Trevor Sargent
Ceist:115 Mr. Sargent asked the Minister for Finance his views on the forecast of increased employment as a result of an energy tax as contained in findings published by the ESRI.
Vol. 436 No. 5
115 Mr. Sargent asked the Minister for Finance his views on the forecast of increased employment as a result of an energy tax as contained in findings published by the ESRI.
In a research paper published last year¹ the Economic and Social Research Institute, ESRI, examined the effect of a unilateral adoption in Ireland of a carbon energy tax of $10 per barrel of oil equivalent imposed for a ten year period to the year 2000.
They estimated that, if the proceeds were applied in full to reducing PRSI contributions, by the year 2000 consumer prices would be slightly higher than otherwise but gross wages would be lower — on the basis that the reductions in PRSI would have a beneficial effect on wage determination. In consequence GNP would be almost 0.5 per cent higher and total employment 0.75 per cent higher than otherwise.

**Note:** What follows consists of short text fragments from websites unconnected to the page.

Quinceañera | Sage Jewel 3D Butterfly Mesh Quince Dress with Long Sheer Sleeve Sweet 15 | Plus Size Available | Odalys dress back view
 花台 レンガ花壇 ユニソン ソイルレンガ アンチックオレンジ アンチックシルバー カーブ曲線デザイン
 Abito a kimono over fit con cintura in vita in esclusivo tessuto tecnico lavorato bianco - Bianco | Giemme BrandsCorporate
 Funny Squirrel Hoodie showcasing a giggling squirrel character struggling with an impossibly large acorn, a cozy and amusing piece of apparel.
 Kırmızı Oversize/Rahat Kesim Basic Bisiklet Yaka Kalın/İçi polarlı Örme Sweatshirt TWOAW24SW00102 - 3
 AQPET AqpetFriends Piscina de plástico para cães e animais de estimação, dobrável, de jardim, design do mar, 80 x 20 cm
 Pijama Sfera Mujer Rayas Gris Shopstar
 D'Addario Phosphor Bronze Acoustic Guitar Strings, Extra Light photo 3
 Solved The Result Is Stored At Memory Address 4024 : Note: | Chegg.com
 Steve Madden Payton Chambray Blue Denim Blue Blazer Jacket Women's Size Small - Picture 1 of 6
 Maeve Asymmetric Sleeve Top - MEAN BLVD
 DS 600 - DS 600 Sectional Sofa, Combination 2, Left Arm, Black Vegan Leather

In principle, I would agree with the thrust of the findings, given the assumptions stated by the ESRI. Clearly, any reduction in the cost of labour would be expected to result in increased employment. However, a number of qualifications arise with respect to applying the ESRI's analysis to current proposals about a carbon energy tax:
(a) The tax which has been proposed by the EC Commission would apply initially at $3 per barrel, rising by annual increments of $1 to $10 per barrel by the year 2000. As the proposed tax increase is less than that tested by the institute, its impact would be correspondingly smaller.